In most societies we know of, people have reacted the same way to male homosexuality. If you are trendy then you can say that I should get over it; if you aren’t, you’ll understand the naturalness of the reaction. You can go against nature all you like of course; don’t expect anything good to come from it.
I taught in boys’ schools for 40 years, some of them boarding schools where we had our problems with what we used to call ‘the usual’. Young men are a lusty lot, and if you don’t civilise the little so and sos, and even if you do, their hormones will run riot, and if they don’t have a lass near by, they’ll find a substitute. There were those who counselled turning a Nelsonian eye; I dissented. Not only was it illegal (as it still is under 18), it ran the risk of letting them think that we approved of it.
Was some poor lad hard done by? No more than some lad at a mixed sex school was was told he couldn’t misbehave with the lasses. Whatever the nut-doctors say, children like simple rules; the more complex they are, the easier it is for them if you keep it simple.
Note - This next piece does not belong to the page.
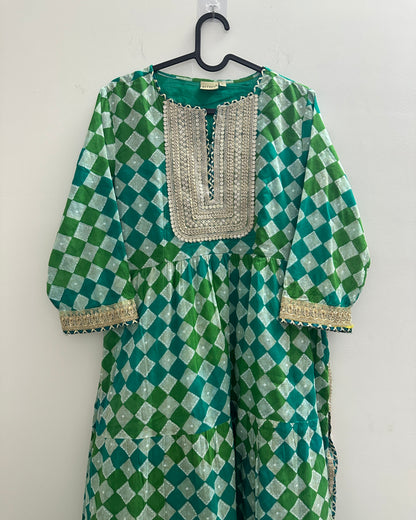 Blue and green festive kurta with gold lace yolk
Of course, in all adolescents, hormones run wild; if you don’t stop the little darlings, so will they. Make it clear that infractions of the rules will be punished, and most of them get the message. It makes it easier to deal with those who can’t or won’t, because most children will. The single worst thing which happened over my time in teaching was the decline in confidence amongst the adults. I’m a peaceable man, but would be prepared to take a gun to educationalists who tell us that the children need understanding. To the devil with that, they need boundaries, and they need to understand they are not the centre of the universe. Once that is established, you will get somewhere.
So, telling adolescents that it is fine to do what you like as long as you ‘love; someone, is precisely the wrong message. We used to hear a lot about repression. We could do with more repression and less license.